As in OLS modeling, Venables and Ripley suggest that the significance
of the impact of the omission of $k$ parameters from a model that
begins with $p$ parameters is given by an approximate $F$ test.
Recall $N$ is the sample size.
\begin{equation}
\frac{D_{restricted}-D_{full}}{\hat{\phi}(p-k)}\sim F_{p-k,N-k}\label{eq:llrPhiEstimated}
\end{equation}
\\
Of course, $(p-k)$ is the number of omitted variables in the restricted
model. V\&R caution about the use of this statistic, but I am a bit
frustrated that they don't explain precisely how one should be cautious.
The anova and drop1 commands in R have an option to use an F test.
\subsection{The Wald Test}
\subsubsection{Estimated Variance of $\hat{b}$}
Supposing that $\phi_{i}=\phi$ for all observations, the weighted
least squares estimate of $b$ has variance-covariance matrix:
\[
V(\hat{b})=\phi^{2}\cdot(X'WX)^{-1}
\]
The matrix of weights is based on the estimates at the maximum likelihood
estimate:
\begin{equation}
W=\left[\begin{array}{ccccc}
\frac{1}{\phi V(\mu_{1})[g'(\mu_{1})]^{2}} & 0 & 0 & 0 & 0\\
0 & \frac{1}{\phi V(\mu_{2})[g'(\mu_{2})]^{2}} & 0 & 0 & 0\\
\vdots & & \ddots & & \vdots\\
0 & 0 & 0 & \frac{1}{\phi V(\mu_{N-1})[g'(\mu_{N-1})]^{2}} & 0\\
0 & 0 & 0 & 0 & \frac{1}{\phi V(\mu_{N})[g'(\mu_{N})]^{2}}
\end{array}\right]
\end{equation}
Recall that $g'(\mu_{i})=d\eta_{i}/d\mu_{i}.$
The different kinds of GLM have different values for $\phi$, $V(\mu_{i})$
and $g'(\mu_{k})$. In a Normal model with an identity link, for example,
the $V(\mu_{i})=1$ and $g'(\mu_{i})=1,$so the variance of the observations
is all that remains, and if we assume that is fixed (as we do in OLS),
then the $W$ matrix plays no role in estimation whatsoever.

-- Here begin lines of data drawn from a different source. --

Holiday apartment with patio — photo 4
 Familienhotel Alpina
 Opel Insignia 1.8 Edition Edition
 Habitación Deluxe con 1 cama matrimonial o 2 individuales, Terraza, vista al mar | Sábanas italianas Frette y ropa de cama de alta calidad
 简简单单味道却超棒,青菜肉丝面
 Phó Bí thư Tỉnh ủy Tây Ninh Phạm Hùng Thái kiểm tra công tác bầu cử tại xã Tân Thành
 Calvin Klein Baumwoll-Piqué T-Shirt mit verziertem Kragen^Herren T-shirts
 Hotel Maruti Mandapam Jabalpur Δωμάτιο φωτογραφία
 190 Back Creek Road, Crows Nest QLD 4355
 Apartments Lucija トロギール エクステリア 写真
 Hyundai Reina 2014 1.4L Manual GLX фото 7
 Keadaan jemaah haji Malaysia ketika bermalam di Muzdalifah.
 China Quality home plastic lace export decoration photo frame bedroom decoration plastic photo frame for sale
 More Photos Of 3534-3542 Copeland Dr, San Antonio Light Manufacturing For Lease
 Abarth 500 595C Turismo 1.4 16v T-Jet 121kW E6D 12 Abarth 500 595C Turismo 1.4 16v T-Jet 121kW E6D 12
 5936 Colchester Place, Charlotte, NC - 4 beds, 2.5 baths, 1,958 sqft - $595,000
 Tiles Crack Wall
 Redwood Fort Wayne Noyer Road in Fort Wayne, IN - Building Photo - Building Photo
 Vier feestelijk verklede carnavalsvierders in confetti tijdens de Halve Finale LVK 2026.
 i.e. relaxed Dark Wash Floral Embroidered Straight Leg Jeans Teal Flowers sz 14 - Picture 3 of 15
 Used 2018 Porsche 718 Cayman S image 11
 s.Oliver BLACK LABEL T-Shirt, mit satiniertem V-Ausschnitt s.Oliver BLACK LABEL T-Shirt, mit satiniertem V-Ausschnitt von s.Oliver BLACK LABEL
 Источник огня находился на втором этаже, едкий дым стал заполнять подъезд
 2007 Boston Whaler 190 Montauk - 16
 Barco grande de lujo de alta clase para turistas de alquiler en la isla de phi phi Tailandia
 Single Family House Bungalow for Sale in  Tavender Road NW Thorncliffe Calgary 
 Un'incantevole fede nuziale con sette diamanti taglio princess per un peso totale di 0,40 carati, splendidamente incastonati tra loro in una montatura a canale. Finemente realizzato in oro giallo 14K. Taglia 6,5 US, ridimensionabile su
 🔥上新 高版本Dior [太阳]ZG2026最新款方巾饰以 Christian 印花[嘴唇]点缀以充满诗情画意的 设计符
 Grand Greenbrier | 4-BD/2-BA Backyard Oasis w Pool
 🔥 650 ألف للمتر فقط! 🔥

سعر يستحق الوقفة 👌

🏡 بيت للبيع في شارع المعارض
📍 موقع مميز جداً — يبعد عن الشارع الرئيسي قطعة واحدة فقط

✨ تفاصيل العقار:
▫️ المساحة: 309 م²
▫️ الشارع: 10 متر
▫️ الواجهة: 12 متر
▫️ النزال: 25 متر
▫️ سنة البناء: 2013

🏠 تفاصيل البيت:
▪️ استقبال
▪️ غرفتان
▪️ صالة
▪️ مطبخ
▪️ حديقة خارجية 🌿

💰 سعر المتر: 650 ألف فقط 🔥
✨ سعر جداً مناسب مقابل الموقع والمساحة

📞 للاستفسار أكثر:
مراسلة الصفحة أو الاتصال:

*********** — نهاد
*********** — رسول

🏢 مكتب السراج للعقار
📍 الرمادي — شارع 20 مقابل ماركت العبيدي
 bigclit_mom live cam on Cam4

As usual, the standard errors $s.e.(b_{k})$ are the square roots
of the diagonal elements of $V(\hat{b})$.
\subsubsection{Wald $\chi^{2}$ test for several coefficients}
Consider two null hypotheses: $H_{0}:b_{1}=K_{1},b_{2}=K_{2}$.
\[
W=\left[b_{1}-K_{1},b_{2}-K_{2}\right]\left[\begin{array}{cc}
Var(\hat{b}_{1}) & Cov(\hat{b}_{1},\hat{b}_{2})\\
Cov(\hat{b}_{1},\hat{b}_{2}) & Var(\hat{b}_{2})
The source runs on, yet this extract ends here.